Captioned web images
BEGIN

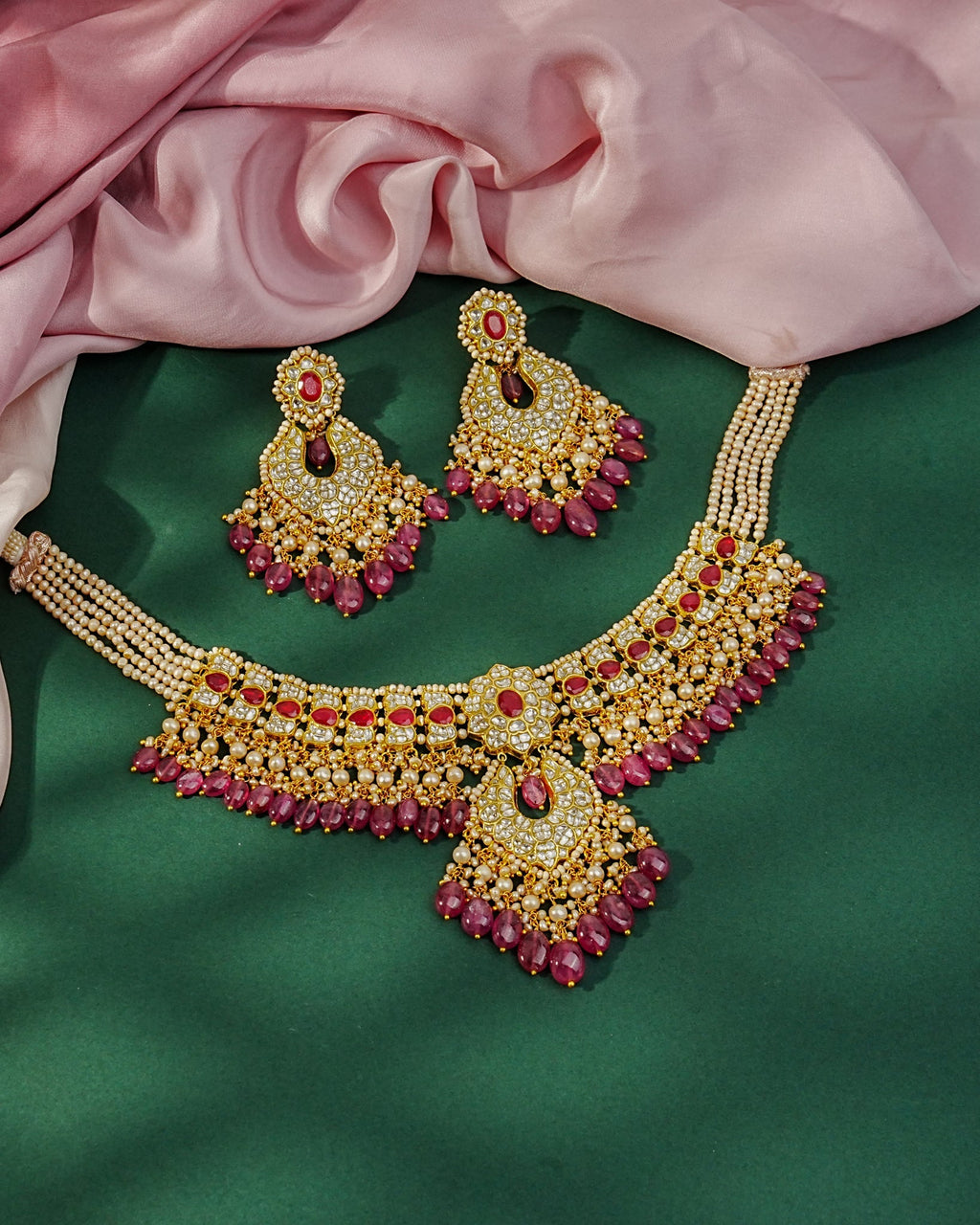 Mia Polki Necklace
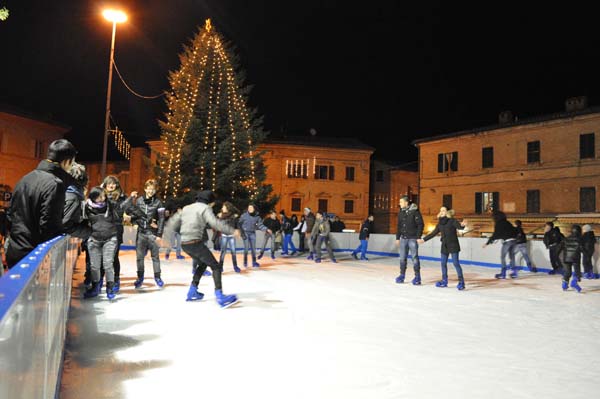 foto pista pattinaggio su ghiaccio sarnano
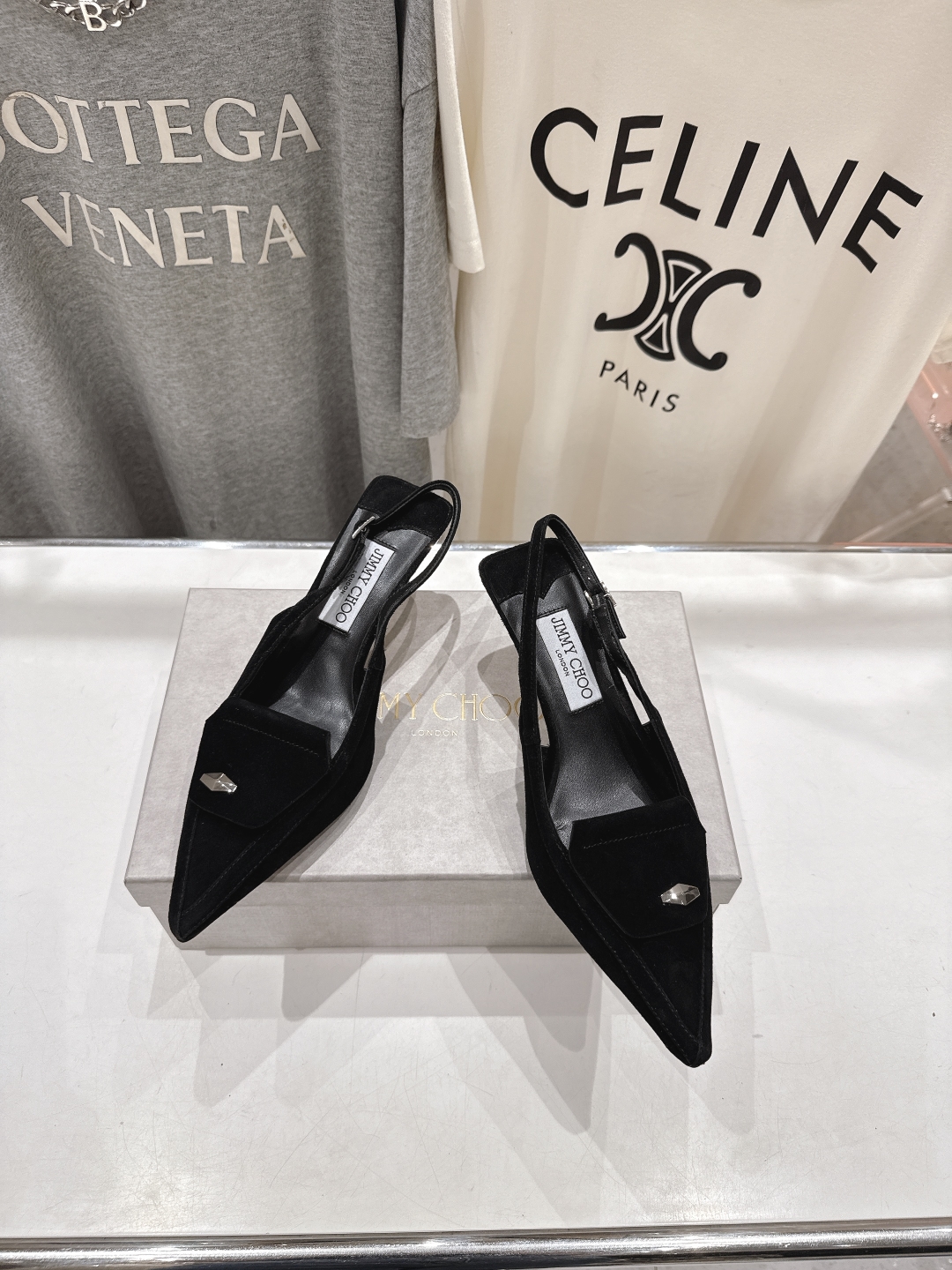 高版本出厂
  JIMMY CHOO｜JC/吉米周2025ss新款简约尖头高跟鞋凉鞋

原版套楦，完美的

END

**What is being asked:**
Each entry above should be returned exactly as written, minus its pictures.

**Worked solution:**
 Mia Polki Necklace
 foto pista pattinaggio su ghiaccio sarnano
 高版本出厂
  JIMMY CHOO｜JC/吉米周2025ss新款简约尖头高跟鞋凉鞋

原版套楦，完美的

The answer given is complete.